I am finally getting on an aeroplane and flying to sunny Greece; it is going to be amazing and I can not wait to feel the enjoyment of some R&R alongside not having to think about work for an entire 10 days.
The villa we have booked looks idyllic and my daughters obsession with Mumma Mia is going to have a field day as we are staying on Skopolos which is where they filmed parts of the film.
Having a private pool means I won’t worry about swimming whilst at the villa but I still worry about judgement from others when going to the beach as we all love snorkelling and the beach is the best place for that activity.
Now I know I am the same size as when I last went on holiday, I think I look ok from the back… but sometimes I worry about others staring and making me feel uncomfortable, I shouldn’t feel that way, but occasionally I do.
My body confidence
I have started getting better over the years, shock horror, I now wear shorts, since the balloon style shorts come out, I find them easier to wear, I use a large stoma bag so short shorts are not ideal as my outlet pokes out of my left leg hole… it also occasionally digs into my thigh, yes I could use the smaller bags but they are not equipped to deal with my output.
Body confidence is such a fickle thing, considering myself more or less normal with an added bonus of a ileostomy that has a bag attached to catch the waste, does this make me less able to flash my midriff or does this give me a purpose of educating and highlighting what so many of us hide underneath clothes.
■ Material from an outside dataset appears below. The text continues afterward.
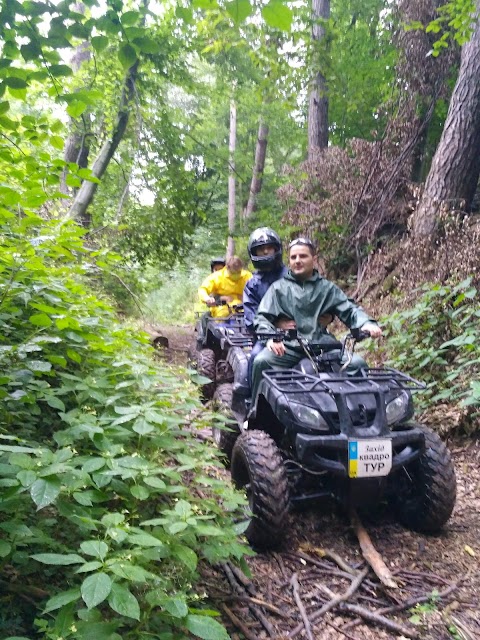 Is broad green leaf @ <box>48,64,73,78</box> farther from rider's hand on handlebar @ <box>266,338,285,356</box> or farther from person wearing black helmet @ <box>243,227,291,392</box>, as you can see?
person wearing black helmet @ <box>243,227,291,392</box>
Clothing on can hide a multitude of sins and also hides the ostomy.
Are we right to be afraid and less likely to show the bag or is it a case of flaunting what we have to and to hell with the general consensus of you can only show the perfect body?
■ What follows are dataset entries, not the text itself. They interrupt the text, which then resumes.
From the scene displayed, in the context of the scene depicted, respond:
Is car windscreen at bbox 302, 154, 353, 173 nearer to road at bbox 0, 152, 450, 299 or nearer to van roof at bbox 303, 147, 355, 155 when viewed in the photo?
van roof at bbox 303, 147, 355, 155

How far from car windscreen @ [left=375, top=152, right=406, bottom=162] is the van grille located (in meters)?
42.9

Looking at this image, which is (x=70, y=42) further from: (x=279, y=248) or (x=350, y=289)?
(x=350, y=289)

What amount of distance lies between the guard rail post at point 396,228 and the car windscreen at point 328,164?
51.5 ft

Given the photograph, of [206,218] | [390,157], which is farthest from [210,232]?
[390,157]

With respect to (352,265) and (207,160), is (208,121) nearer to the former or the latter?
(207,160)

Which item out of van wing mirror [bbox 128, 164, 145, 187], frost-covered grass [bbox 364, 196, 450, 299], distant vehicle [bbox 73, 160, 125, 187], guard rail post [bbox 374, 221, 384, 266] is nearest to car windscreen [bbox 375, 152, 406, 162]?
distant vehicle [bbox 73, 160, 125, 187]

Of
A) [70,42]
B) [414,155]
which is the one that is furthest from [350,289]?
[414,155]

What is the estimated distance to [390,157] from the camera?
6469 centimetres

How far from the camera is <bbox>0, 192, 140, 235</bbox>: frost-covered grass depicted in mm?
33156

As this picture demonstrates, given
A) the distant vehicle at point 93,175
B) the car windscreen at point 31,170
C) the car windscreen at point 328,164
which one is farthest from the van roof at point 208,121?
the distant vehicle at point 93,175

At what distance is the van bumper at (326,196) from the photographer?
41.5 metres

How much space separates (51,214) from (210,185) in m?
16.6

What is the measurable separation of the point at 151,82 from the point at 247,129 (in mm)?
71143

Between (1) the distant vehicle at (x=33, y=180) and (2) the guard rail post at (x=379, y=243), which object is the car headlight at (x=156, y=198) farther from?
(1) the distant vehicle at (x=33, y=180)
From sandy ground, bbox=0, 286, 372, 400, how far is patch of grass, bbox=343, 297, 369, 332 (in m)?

We all have those small imperfections. Mine is a mass of stretch marks and some rather epic scarring. Pre ambassador and advocating stoma life I was always reluctant to bare it all and always considered myself not worth being stared at due to my scars. Most of my body confidence has now come from the fact I have hit a happy place with my weight and with my body shape.
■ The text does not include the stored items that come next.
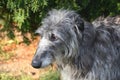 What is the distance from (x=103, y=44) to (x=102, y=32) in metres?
0.15

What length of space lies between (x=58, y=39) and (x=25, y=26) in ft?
9.32

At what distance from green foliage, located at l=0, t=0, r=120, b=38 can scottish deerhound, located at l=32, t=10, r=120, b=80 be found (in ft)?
5.45

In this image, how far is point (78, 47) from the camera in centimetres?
473

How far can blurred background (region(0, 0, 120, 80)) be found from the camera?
673 centimetres

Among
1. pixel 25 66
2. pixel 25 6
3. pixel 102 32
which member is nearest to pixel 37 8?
pixel 25 6

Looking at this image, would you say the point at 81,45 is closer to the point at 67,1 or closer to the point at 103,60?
the point at 103,60

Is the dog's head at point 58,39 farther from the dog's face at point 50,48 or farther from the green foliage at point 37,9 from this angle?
the green foliage at point 37,9

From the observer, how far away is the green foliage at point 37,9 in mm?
6824

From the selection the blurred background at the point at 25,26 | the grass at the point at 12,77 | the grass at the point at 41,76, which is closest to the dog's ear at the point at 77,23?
the blurred background at the point at 25,26

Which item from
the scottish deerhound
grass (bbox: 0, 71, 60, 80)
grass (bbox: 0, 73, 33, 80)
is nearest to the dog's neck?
the scottish deerhound

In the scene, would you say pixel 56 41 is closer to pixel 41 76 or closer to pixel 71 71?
pixel 71 71

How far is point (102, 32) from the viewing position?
199 inches

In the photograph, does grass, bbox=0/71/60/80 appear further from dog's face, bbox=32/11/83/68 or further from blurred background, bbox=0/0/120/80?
dog's face, bbox=32/11/83/68

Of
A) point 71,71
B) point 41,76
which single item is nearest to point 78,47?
point 71,71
For me my ostomy doesn’t bother me, it’s the stretch marks and lack of stomach muscles. I have mesh holding in my innards so regardless of how fit and healthy I am, my stomach is still slightly rounded and rather solid thanks to scar tissue.
Body image is unique to each of us. We all have our own neurosis. There is no right or wrong way with stoma life. You can flaunt it and show off your life saving, life improving device or you can keep covered. It is down to how you want to live life and how you feel about your stoma.
The swimwear
Preparing for holiday has it’s good points, now like most women I enjoy shopping for clothes much to my husbands delay. Buying swimwear has always been slightly more difficult for me. I can’t wear swimsuits as I end up with the ever lasting wedgie, and no one likes those in 30 + degree heat.
Knowing my own body shape I still struggle. Do I wear low waisted? Do I wear high waisted? For me high waisted serves a purpose of hiding my bag and comes in handy when your snorkeling as a flapping bag whilst swimming can make me slightly neurotic. But the high waisted makes me look bigger than I am, so low waisted is my preferred choice.
Since my last holiday abroad the ModaVi stoma bag has come out and with this having the foldable option this has made my bikini choices easier. I no longer have to worry about the size of my bag, whilst swimming I can fold the bag up and when I am back to soaking up the sun I can unfold the bag.
I am really looking forward to my holiday, I am now of the notion that I should just wear what I am comfortable in.